MC Eric B wrote:rdurand - I totally agree with you, but everytime I use a premade hip-hop beat some songfighters give me crap about it, and some even refuse to review my songs because of that. Since I am a songwriter, not a musician, I would rather just focus on writing good songs, so using a premade beat is a big help. But, using premade beats is also a lot of extra work in some ways, because I have to totally rewrite my song to fit a beat I can't change much. So for now I am done using premade beats and am using my new Casio keyboard to make the music for my songs.
Solidarity, brother.
I am more a songwriter than a musician, too. And I am definitely
not a percussionist. I am lucky that my soul doesn't resonate to hip hop very much, so my bind isn't as tight as yours: G&G doesn't
need a funky beat*.
Here's my solutions, in order of "success":
6) None. No percussion. Even groovy songs can work without drums. Our
Baseball vs. Opera has no percussion. Ditto
Exclamation Point.
5) Build beats by hand, sample by sample. Make little loops, then make bigger loops out of little loops, and so on. It's annoying and it doesn't sound organic or interesting, but it carries the beat. Our
Safety in Numbers sucks, but not because of the handmade drum loops.

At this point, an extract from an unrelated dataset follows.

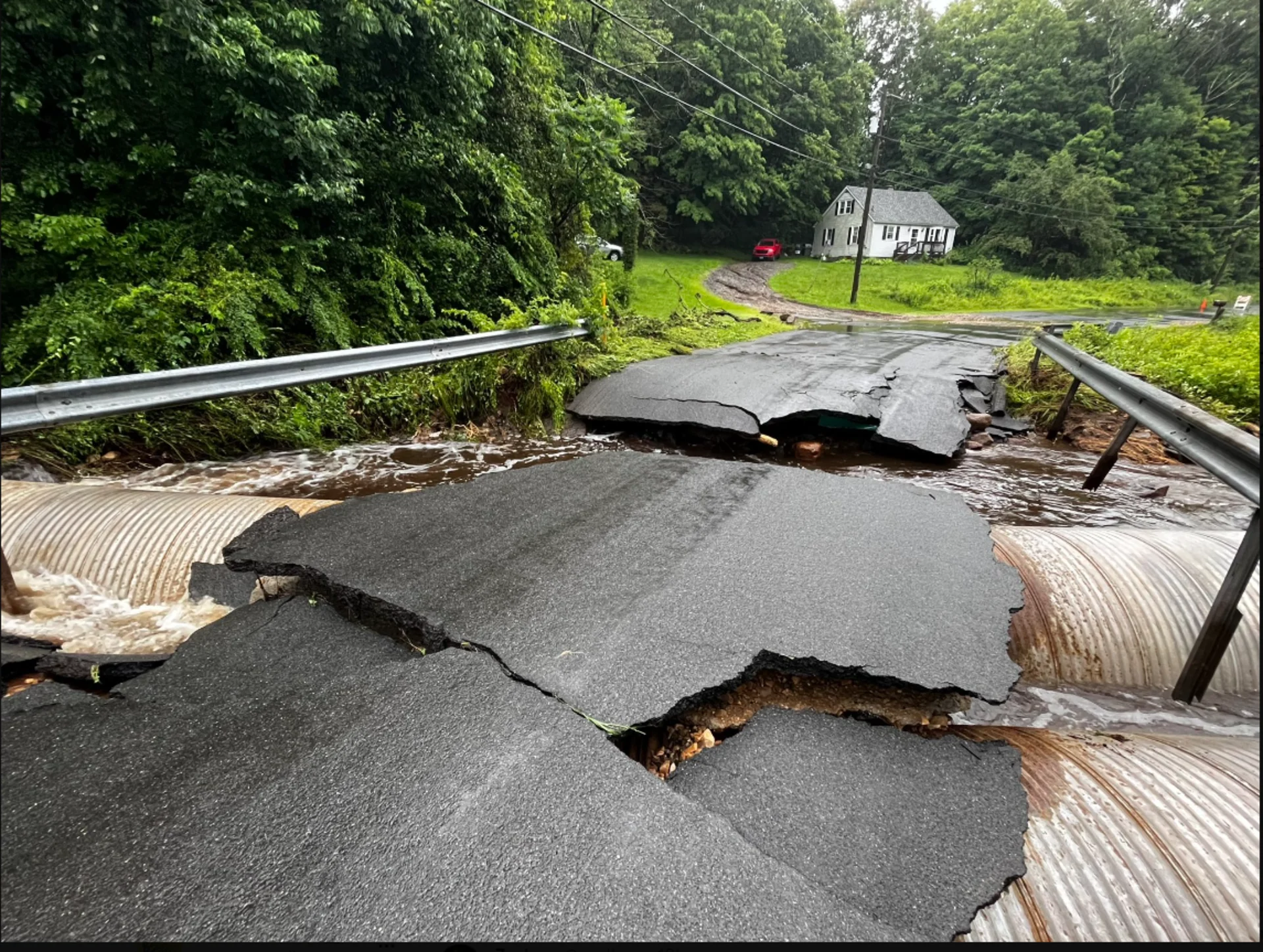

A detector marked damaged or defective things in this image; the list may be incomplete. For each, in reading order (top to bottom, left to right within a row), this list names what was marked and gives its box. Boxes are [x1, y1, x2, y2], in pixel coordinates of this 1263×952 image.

Les Anchois actually won! (EDIT: It tied with the more percussively deft
Pipe Fist)
4) Stolen sample loops. Only done this a couple times:
One Less probably worked the best. But it was supplimented with other drum samples pasted in by hand later.
3) Hand percussion. The most underrated instruments, I think. Hand claps are incredibly effective. Our
cover of 15-16 Puzzle's Don't Fix It has just a few hand claps, but they add some funk. Our
Pieces of Eight used: hand claps, beer can tab
a la thumb piano, a wedding ring on a beer bottle, a closed tupperware container with a hole in the top. Our third entry,
Last Date is mostly car keys, pounding my chest, and tapping the head of the microphone. I really like the sound of our
Oversleeping.
2) MIDI keyboard->GarageBand. I'm very lucky to have a nice MIDI electric piano (Xmas present for the whole family!) and a nice Mac Powerbook (for work). I finally bought a MIDI cable and tried it. Our
Pink Ribbon and now our Gray Rainbow are experiments. I have to do a 3 tracks---a bass-snare track, a hi-hat/cymbal track, and a tom track---because I'm only slightly better on keyboards than I am on drums.
1) Don't care about the crap people give you. Don't "totally rewrite (your) song to fit a beat (you) can't change much". Use any of the above techniques unapologetically. Reviewers will give you crap: that's their job. Your job is to write good songs. The Casio corporation's job is to sell you trinkets that you may or may not be able to use to make your songs good. And my job is, apparently, to be kind of snooty and condescending.
*
Yeah, yeah, I know. In some sense it does.
"We don’t write songs about our own largely dull lives. We mostly rely on the time-tested gimmick of making shit up."